= Task item =
Examine each line of the listing below. Copy those in which the string "Ford" appears.

= Records to process =
────────────────

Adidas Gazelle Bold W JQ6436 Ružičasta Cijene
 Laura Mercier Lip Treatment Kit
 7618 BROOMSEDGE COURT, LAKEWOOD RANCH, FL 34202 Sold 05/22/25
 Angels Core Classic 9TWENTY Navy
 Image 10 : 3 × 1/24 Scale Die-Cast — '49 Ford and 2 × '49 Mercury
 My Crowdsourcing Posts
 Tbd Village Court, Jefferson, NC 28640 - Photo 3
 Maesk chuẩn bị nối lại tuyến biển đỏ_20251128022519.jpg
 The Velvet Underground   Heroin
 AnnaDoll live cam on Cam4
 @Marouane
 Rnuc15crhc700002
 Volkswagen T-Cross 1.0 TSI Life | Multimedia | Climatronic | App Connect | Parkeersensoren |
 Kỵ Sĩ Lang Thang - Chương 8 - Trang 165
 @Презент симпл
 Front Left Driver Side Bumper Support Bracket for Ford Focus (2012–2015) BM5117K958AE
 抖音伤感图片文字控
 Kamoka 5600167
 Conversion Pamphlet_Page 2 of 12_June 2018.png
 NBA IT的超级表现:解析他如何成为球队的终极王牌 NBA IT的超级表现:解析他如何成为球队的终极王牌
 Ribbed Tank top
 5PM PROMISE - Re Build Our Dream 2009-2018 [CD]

────────────────

= Your solution =
 Image 10 : 3 × 1/24 Scale Die-Cast — '49 Ford and 2 × '49 Mercury
 Front Left Driver Side Bumper Support Bracket for Ford Focus (2012–2015) BM5117K958AE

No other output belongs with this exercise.